◆ **What you should do**
Below this line are records; transcribe exactly the lines between the one holding "Сумка для ноутбука" and the one holding "Hello po ask", inclusive, and omit the pictures.

◆ **Material provided**
----------------
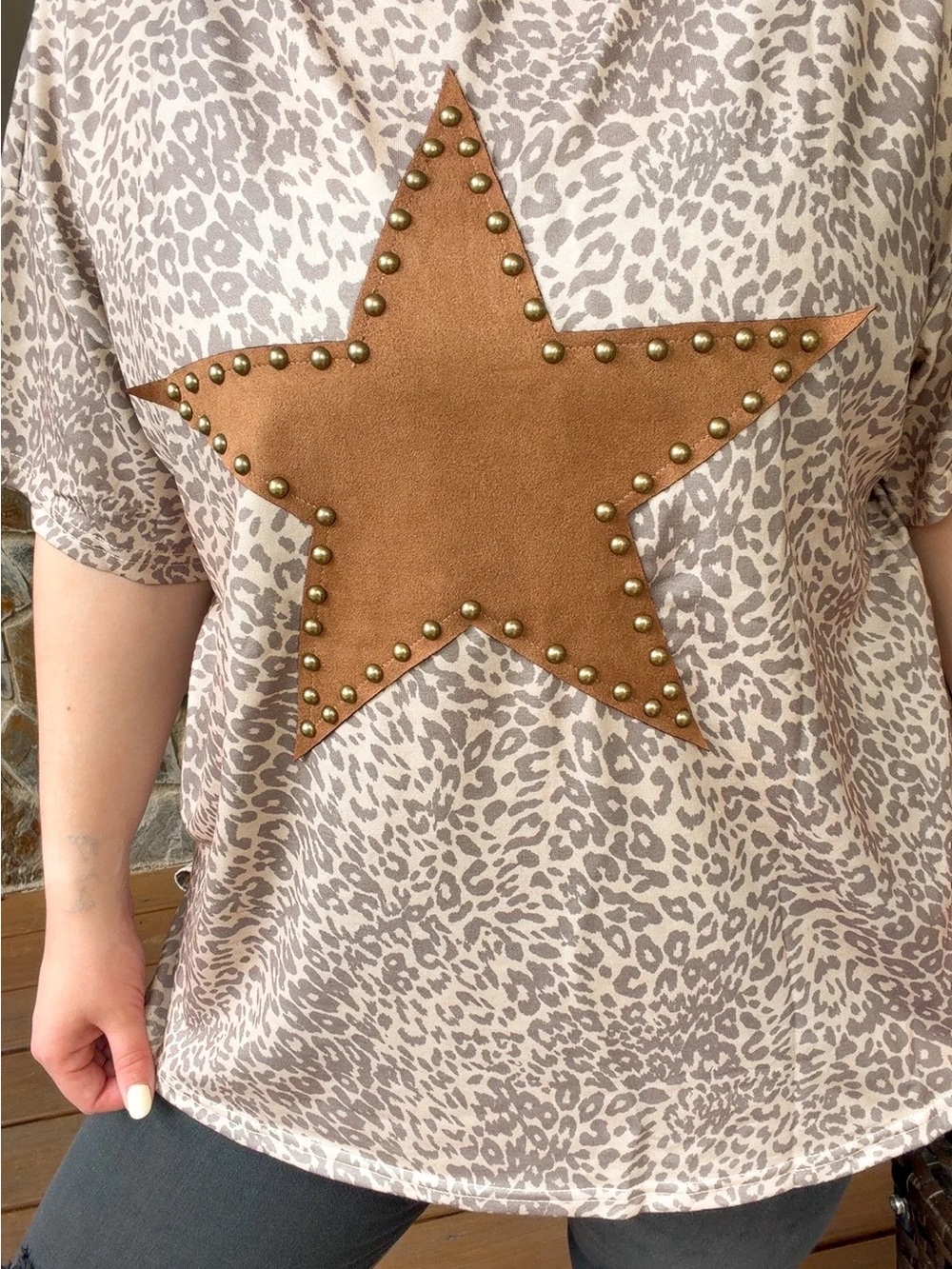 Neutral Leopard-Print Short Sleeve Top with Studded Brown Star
----------------
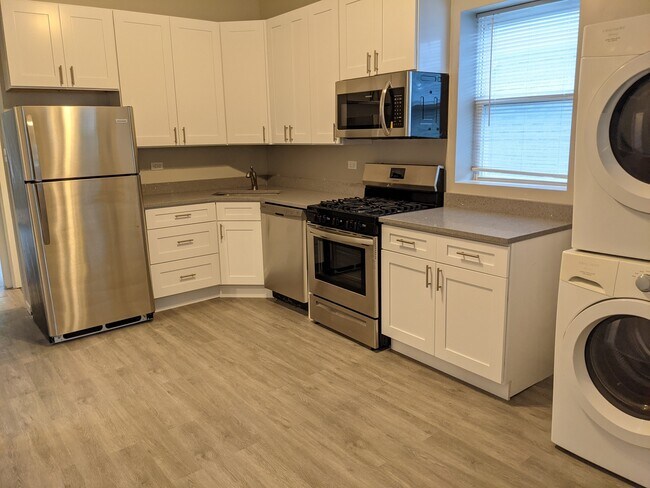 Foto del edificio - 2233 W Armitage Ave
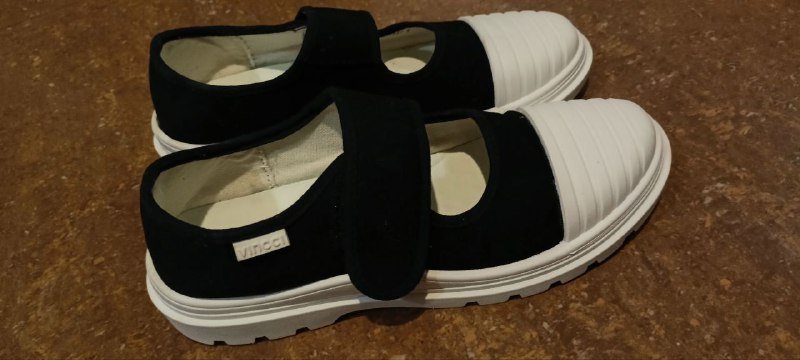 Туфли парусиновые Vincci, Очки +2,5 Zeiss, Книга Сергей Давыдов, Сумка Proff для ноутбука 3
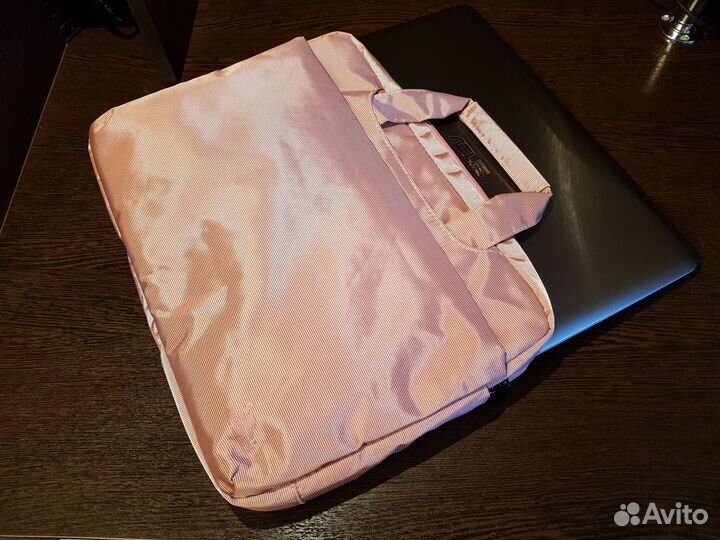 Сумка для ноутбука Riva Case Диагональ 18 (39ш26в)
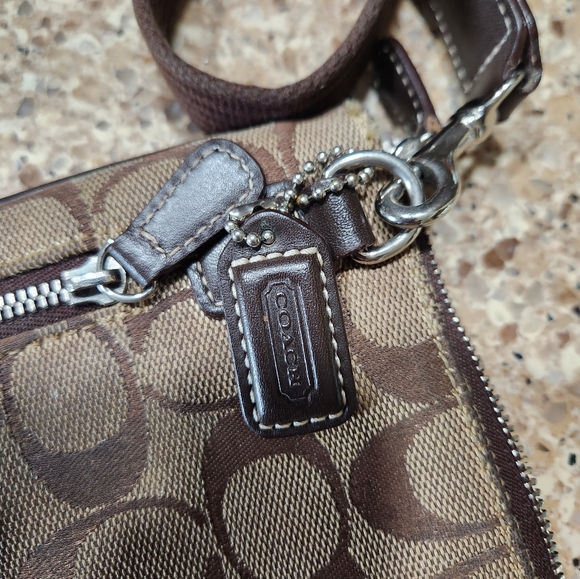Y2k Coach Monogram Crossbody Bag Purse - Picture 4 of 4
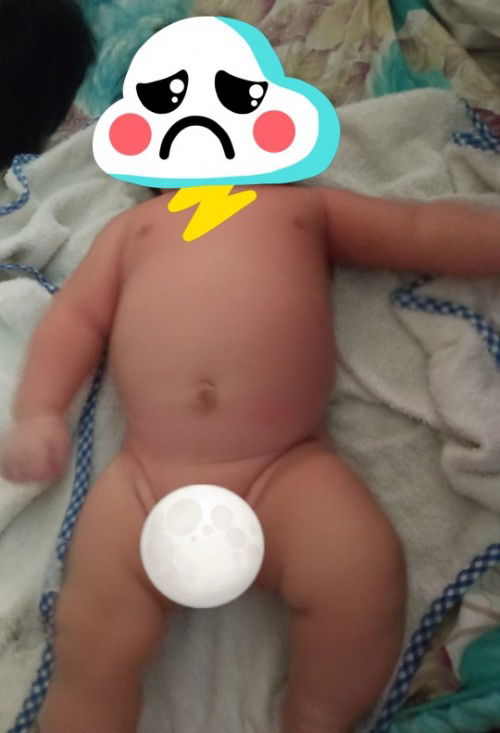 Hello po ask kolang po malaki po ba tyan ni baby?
----------------
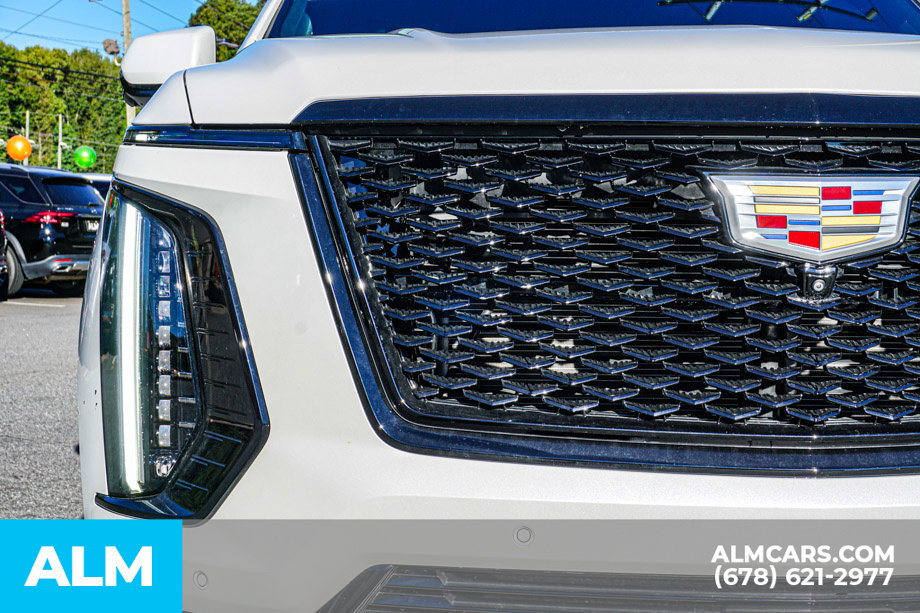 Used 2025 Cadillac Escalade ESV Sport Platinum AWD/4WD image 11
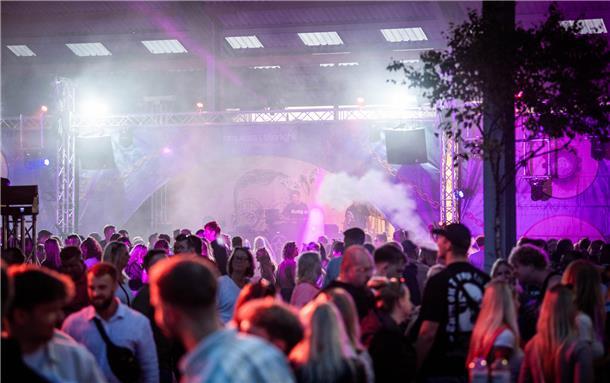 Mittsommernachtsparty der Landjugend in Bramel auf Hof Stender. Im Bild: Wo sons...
----------------
◆ **Response below**
 Сумка для ноутбука Riva Case Диагональ 18 (39ш26в)
Y2k Coach Monogram Crossbody Bag Purse - Picture 4 of 4
 Hello po ask kolang po malaki po ba tyan ni baby?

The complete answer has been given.